Shotgun sports have been around for centuries, dating back to the mid 1700’s in England, and are still some of the most popular events for international competition and recreational shooting alike. Trap shooting is the oldest of these sports, which involves shooting clay birds from five locations behind the trap house. The trap is an electromechanical device that randomly throws a bird in different directions, presenting a challenge for the participants. Typical events are based on 25 rounds per shooter, five at each of the five stations behind the trap house. While the concept is simple (shoot clay birds when it’s your turn), consistently hitting a moving target is another story. Here are three tips on how to improve your trap game (none of which involve buying more expensive equipment).
Lean into it
One of the most overlooked factors in trap shooting is your stance. Since the birds could be flying in a number of directions and trajectories, you need to be able to find your target, swing, aim ahead of the bird, and pull the trigger. With an improper stance, this will wind up being a jerky motion, and you won’t be able to consistently pick off birds. Your front foot should be facing the direction of the trap house, and your back foot should be about 45* off of that, shoulder width apart. Here’s the key: you want to be leaning forward putting most of your weight on the front foot. This allows you to swing laterally either direction in a controlled, fluid motion, giving you the best opportunity to hit the bird.
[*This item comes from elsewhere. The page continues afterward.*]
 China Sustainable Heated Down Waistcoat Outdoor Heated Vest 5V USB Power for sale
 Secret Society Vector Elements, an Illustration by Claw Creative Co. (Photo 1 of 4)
Never look down the barrel
This one is completely counterintuitive, but looking down the barrel will cause you to miss more often than not. Most people are accustomed to looking through a scope on their rifles, or aligning sights on their handguns, so naturally you want to aim the bead at the end of your shotgun barrel at the bird. There are two primary reasons why this is wrong. First, the bird is a moving target, and to hit a moving target, you have to shoot in front of it. If you pull the trigger when the bird is in your sights, you’re going to miss behind it. Second, the human eye is good at a lot of things, but focusing on two things (at different depths) at once is something that it struggles with. You should have both eyes open when trap shooting, and focusing on both the bird and the bead often winds up with your eyes not focusing well on either. The sooner you learn to track the bird and point your shotgun to hit the leading edge of the bird, the better off you’ll be.
Take your time
This tip is particularly for new shooters, but even seasoned marksmen will appreciate this as well. There is a fine line between waiting too long, and rushing your shot. As soon as a bird is released, a lot of new shooters will be trigger happy and wind up missing the bird before they even gave themselves a chance to point the shotgun near the bird. You want to hit the bird either while it’s on the rise or at its peak; if you wait until it’s falling, then you’ve waited too long. This is a fast action sport, and you obviously want to be quick, but take enough time to the extent that your hands point the shotgun where your eyes are telling you to shoot.
Firing a shotgun is simple, and the concept of trap shooting is very straightforward. As always, the devil is in the details, though, and the more disciplined you are at the details, the better a shooter you will become. Maintain a proper stance leaning forward, shoot in front of the bird without looking down the barrel, and take your time. Practice these tips and you’ll see improvements in no time. Stay safe and happy trapping!